ヴェーダ文学ではこの種の旅行に触れるとき、高次元や他の面といった幾何学的な言葉が使われることはない。しかし他世界への旅行が旅行者の体験として語られることは多いのである。現代の読者からすれば、それは三次元空間を超えた動きとして解釈できるだろう。三次元に慣れた現代社会の者として、三次元で理解できないヴェーダの描写に関して私は高次元空間という言葉を用いたい。
たしかに古代インドの人々は星や惑星にたいして繊細な、非科学的な理解しかできなかったという反論があるかもしれない。しかしだからといって、そのような場所から来た存在と実際に接触したと仮定するのが理にかなっているとも言い難い。西欧の概念とはまったくかけはなれた考え方が含まれるので、ヴェーダの宇宙の描写は西欧のバックグラウンドを持つ者にはとても奇妙で、神秘的に感じられるのだ。しかし現代科学のなかに見いだされる宇宙に関する考え方もまた含まれている。
たとえば、つぎの星々の地域を英雄アルジュナが旅する場面の描写について考えてみよう。
そこには太陽の輝きも、月や炎の輝きもなかった。そこにあるのは自らによって得た自身の輝きだけだった。星々として見られるこれらの光は、遠くにあるため、油のランプの炎のようにわずかなものだったが、実際は大きなものだった。パーンダヴァはそれらが自身の炎の炉床で、明るく、美しく燃えていると考えた。

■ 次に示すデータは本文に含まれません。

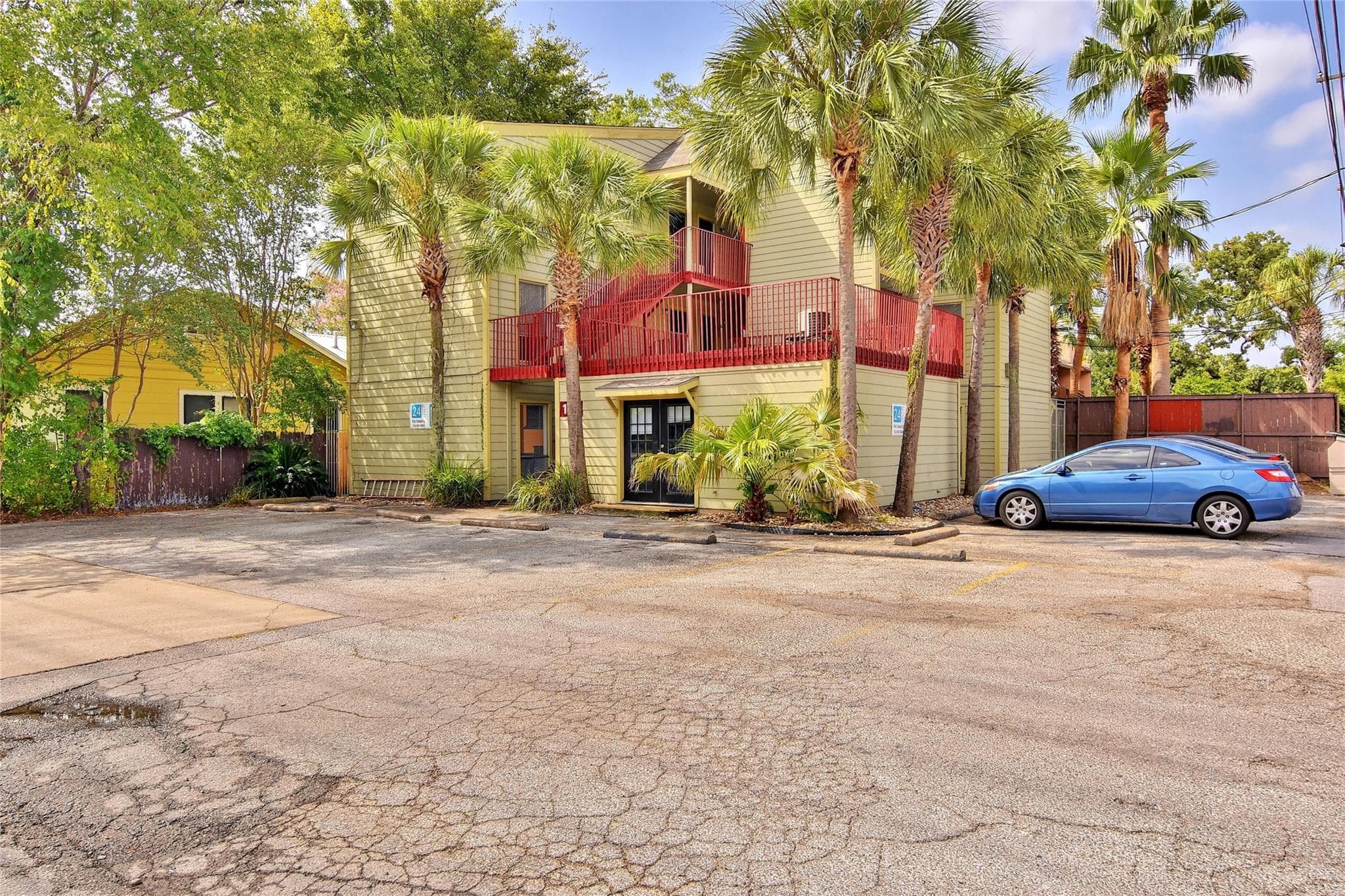 105 E 38th St #101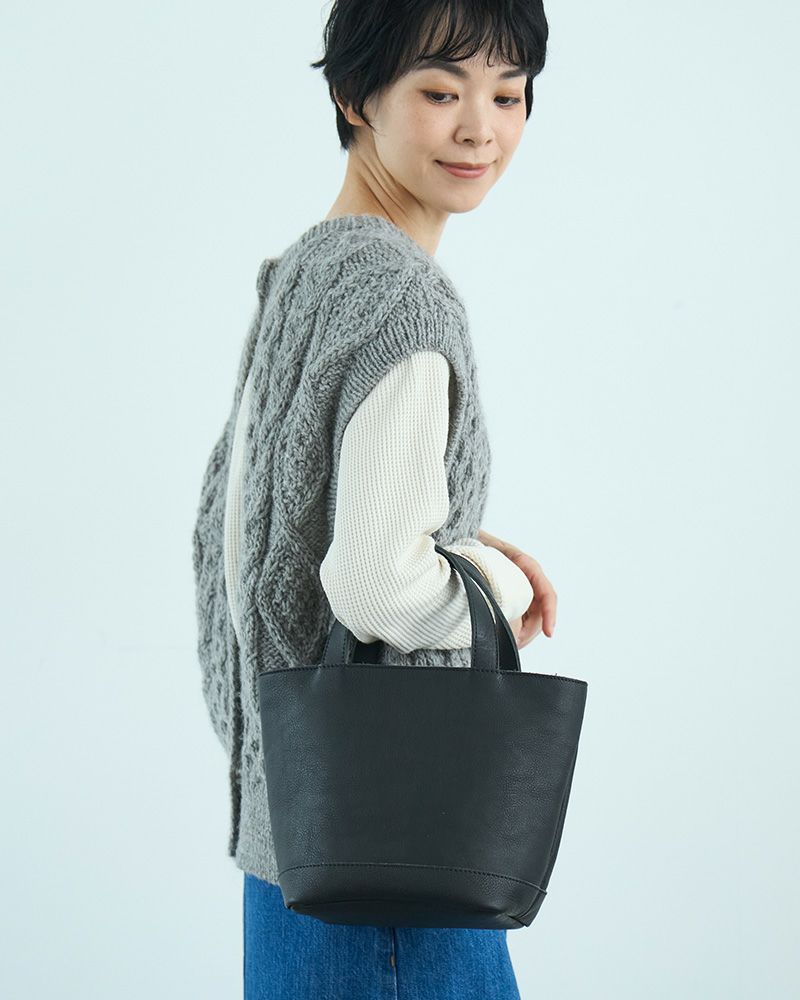 ブラックでシックにまとめる、大人の日常に寄り添う牛革トートS／バッグの色：ブラック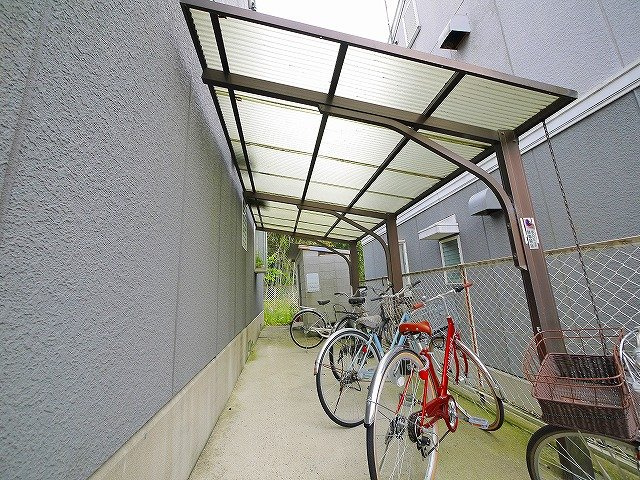 コンフォール六条Aのその他共用部分|駐輪場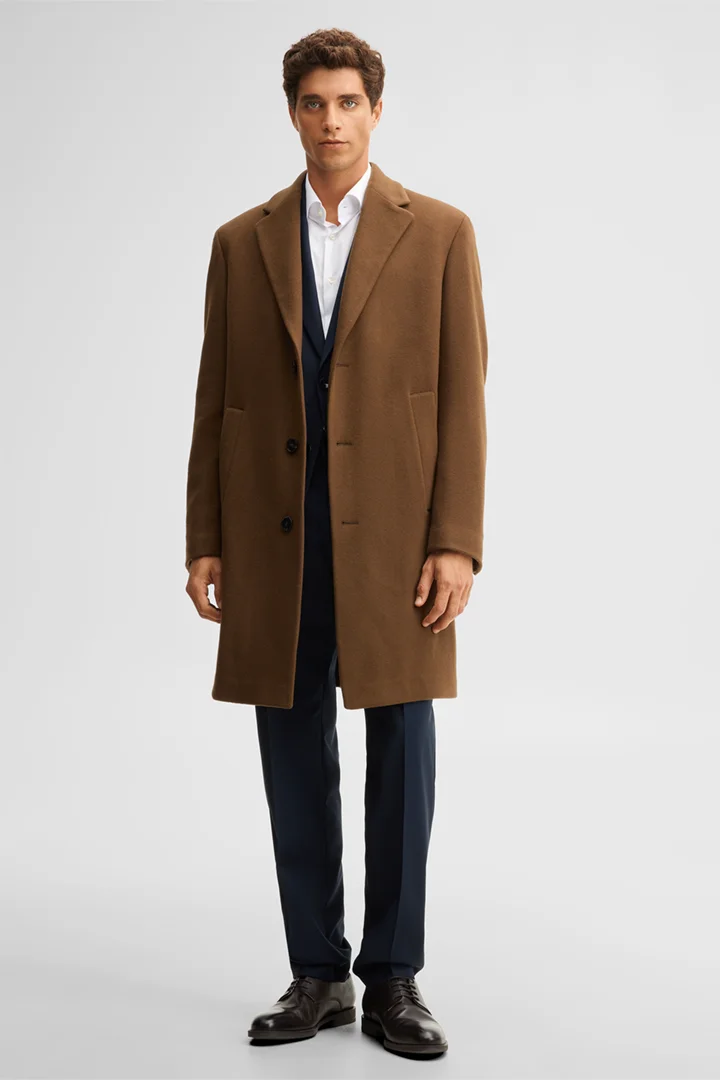 Mène à la page produit « Manteau en laine et cachemire, marron »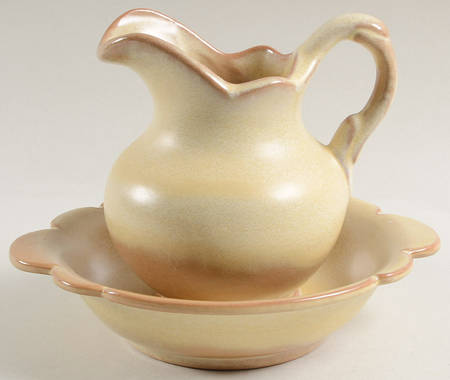 Plainsman Gold 16 Oz Pitcher and Bowl Set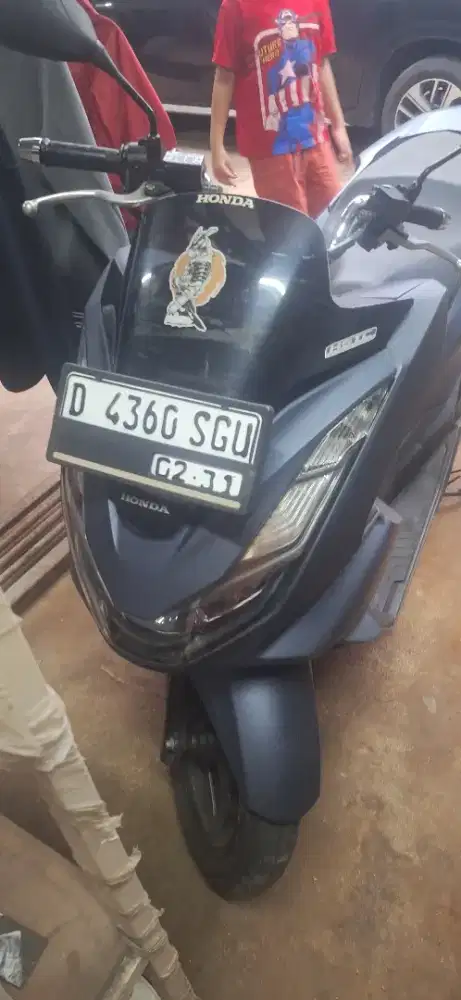 Honda PCX 2021 Warna Royal Matte Blue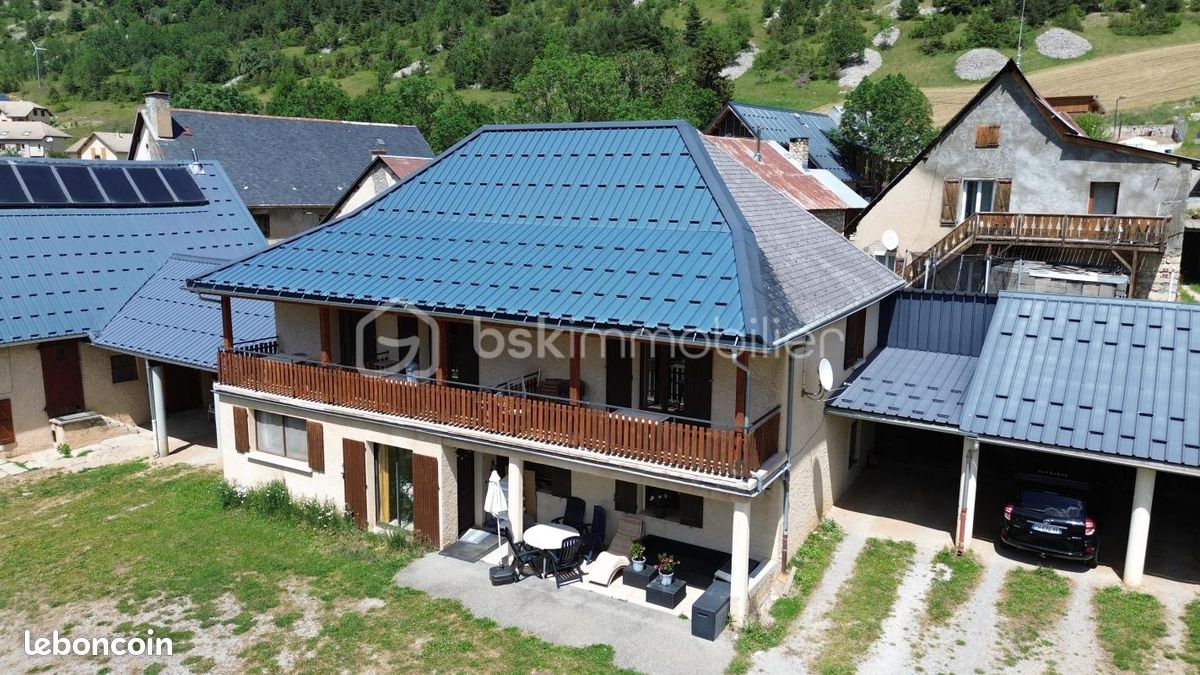 Immeuble 9 pièces 152 m² · à Dévoluy · 152 m² · 380 000 €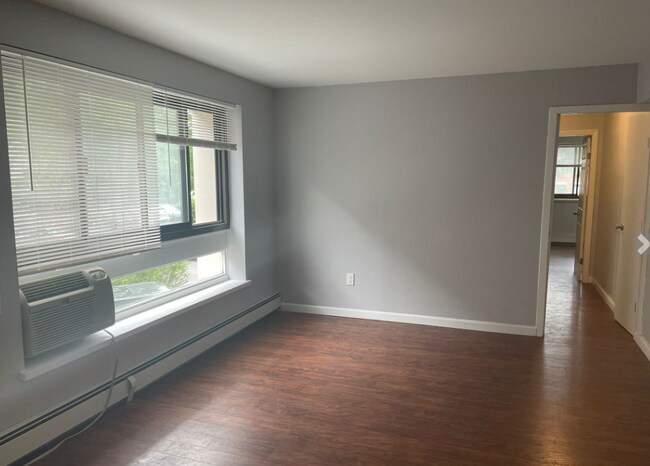 Building Photo - 83 Trowbridge St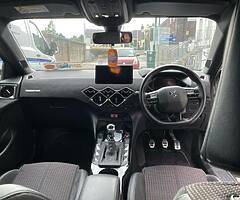 DS 3 CROSSBACK PERFORMANCE LINE 1.2 petrol - Image 5/9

これら自身で輝く世界を見たパルグナは驚いて、マータリにニコニコしながら聞いた。するとほかの者がこたえた。「彼らは自身の炉床で輝く聖者のようにふるまう男たちだ。主よ、地の下から出てくる星々のように彼らは見えるだろう」
この一節にはなじみある要素となじみのない要素が同居している。もし太陽と月から遠い宇宙空間を旅するなら、それらを見ることができないだろうと考える。また星々が大きく、自身で輝いているとしても、距離があれば小さく見えるだろうと考える。しかしながら「聖人らしくふるまう人々」がそこに居住しているとは考えない。そして星々を人のようにみなすのは奇妙なことのように思える。ヴェーダ文献のなかでは星を人に見立てるのはごくふつうのことなのである。この人は、通常星の統治者のことであり、支配階級のことである。
ここでも古代インドにおいて、地球は平面だと考えられていたのではないかという異論が寄せられるだろう。実際ヴェーダ文学には、地球の見方がふたつある。ひとつはスーリヤ・シッダーンタ(Sūrya-siddhānta)というサンスクリットで書かれた天文学の論文の見方で、地球は直径1600ヨージャナの球体として描かれる。ヨージャナは長さの単位で、1ヨージャナあたり5マイル(8km)である。地球の直径は8000マイル(12800km)となり、現代の計測(訳註:12742km)とほぼ一致する。おなじ文献は、月の直径を480ヨージャナ、すなわち2400マイルとしている。現代において月の直径は2160マイル(訳註:3474km)である。
地球はまた平面の円盤として描かれる。これはブーマンダラ(Bhū-mandala)と呼ばれ、直径は5000万ヨージャナである。しかしながら、ヴェーダ文献を注意深く読むと、この地球とは、実際のところ黄道面のことである。天動説から見ると、この黄道面は地球を回る太陽の軌道によって決まるということである。黄道面はもちろん平面であり、このように、ある意味、ヴェーダ文学は平面地球を語っているのだ。ヴェーダ文献でのように、地球という言葉はかならずしも球体を意味していないことに注意を向ける必要がある。
居住者のいる高次元の領域というとき、ヴェーダにおいては、外宇宙すべてだけでなく、地球上、そして地球内部も含んでいると理解される。とくにブーマンダラの地球は、太陽系の面(黄道面)にまでのびている。つまりわれわれの感覚によって直接識別できたり、アクセスできたりするとはかぎらないのだ。このような居住可能な領域は、サンスクリット語でローカ(loka)と呼ばれる。ローカはしばしば惑星とか惑星系と翻訳される。ローカには上の7つ、下の7つの、14の階層がある。ブーマンダラあるいはブーローカは7つの高い惑星系の最下層に位置する。
太陽、月、そして水星、金星、火星、木星、土星の惑星はグラハ(grahas)と呼ばれ、それらは居住不可能とされる。(しかしヴェーダ文献において、私は天王星、海王星、冥王星に対する言及を見たことがない) 驚くべきことではないが、太陽の居住者はすさまじいエネルギーを持った者とされる。ほかの惑星の居住者たちの身体も、それぞれの環境に適したエネルギーから形成されたといわれる。